⟨

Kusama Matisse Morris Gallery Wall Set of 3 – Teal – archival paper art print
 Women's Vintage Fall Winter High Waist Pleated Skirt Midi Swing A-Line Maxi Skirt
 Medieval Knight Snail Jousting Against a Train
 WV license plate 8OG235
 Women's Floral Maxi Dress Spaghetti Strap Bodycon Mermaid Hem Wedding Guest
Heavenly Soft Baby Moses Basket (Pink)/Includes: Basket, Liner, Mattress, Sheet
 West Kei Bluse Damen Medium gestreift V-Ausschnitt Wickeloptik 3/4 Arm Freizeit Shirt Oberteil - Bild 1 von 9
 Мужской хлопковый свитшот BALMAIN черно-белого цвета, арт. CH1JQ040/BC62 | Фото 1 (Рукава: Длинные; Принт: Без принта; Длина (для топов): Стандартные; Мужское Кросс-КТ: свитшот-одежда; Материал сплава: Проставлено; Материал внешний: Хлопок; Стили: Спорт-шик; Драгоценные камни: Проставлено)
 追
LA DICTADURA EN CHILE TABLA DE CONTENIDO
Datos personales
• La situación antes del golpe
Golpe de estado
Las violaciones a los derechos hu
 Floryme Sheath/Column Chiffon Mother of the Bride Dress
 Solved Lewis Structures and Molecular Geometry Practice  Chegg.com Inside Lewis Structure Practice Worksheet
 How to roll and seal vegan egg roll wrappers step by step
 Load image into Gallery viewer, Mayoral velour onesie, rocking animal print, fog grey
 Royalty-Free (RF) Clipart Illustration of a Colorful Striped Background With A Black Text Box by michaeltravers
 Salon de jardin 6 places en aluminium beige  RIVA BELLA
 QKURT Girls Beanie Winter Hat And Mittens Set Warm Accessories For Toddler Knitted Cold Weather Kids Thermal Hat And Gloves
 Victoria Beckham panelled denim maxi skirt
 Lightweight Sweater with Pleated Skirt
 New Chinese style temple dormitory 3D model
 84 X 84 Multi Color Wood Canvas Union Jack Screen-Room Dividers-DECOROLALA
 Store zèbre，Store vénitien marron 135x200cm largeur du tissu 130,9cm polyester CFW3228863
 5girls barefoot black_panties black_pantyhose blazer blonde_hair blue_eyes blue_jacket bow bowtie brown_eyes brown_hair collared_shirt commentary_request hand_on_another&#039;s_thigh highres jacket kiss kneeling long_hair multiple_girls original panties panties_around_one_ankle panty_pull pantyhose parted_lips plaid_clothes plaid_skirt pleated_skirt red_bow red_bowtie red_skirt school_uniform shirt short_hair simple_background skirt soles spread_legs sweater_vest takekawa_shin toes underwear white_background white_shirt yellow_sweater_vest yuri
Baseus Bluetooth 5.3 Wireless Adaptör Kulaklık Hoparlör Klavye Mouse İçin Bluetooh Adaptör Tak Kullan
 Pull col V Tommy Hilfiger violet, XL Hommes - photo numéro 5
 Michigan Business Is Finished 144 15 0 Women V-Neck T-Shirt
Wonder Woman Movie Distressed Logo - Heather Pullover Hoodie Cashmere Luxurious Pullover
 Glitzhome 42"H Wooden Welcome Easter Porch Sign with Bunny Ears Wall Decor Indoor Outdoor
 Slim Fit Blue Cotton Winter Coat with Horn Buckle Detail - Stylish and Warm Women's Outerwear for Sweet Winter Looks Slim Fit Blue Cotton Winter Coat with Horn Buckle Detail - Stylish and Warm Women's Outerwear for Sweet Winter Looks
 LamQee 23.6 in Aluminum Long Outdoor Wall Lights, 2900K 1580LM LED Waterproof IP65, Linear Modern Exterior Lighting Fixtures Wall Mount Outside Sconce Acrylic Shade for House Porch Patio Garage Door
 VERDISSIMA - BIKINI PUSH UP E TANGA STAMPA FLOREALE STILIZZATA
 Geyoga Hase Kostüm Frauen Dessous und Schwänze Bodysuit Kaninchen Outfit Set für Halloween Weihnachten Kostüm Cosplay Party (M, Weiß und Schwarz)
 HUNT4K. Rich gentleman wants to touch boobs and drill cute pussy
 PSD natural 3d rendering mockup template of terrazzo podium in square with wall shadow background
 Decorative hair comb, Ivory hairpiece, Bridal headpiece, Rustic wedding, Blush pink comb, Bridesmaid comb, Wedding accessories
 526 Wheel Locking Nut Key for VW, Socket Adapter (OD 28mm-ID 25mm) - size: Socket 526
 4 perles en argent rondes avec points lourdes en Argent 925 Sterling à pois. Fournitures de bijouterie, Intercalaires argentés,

⟩

**WHAT THE TASK REQUIRES**
Reproducing the whole listing above is not the task. Copy exactly only the lines from the one with "LamQee 23.6 in" to the one with "Geyoga Hase Kostüm", both kept.

**WRITTEN ANSWER**
 LamQee 23.6 in Aluminum Long Outdoor Wall Lights, 2900K 1580LM LED Waterproof IP65, Linear Modern Exterior Lighting Fixtures Wall Mount Outside Sconce Acrylic Shade for House Porch Patio Garage Door
 VERDISSIMA - BIKINI PUSH UP E TANGA STAMPA FLOREALE STILIZZATA
 Geyoga Hase Kostüm Frauen Dessous und Schwänze Bodysuit Kaninchen Outfit Set für Halloween Weihnachten Kostüm Cosplay Party (M, Weiß und Schwarz)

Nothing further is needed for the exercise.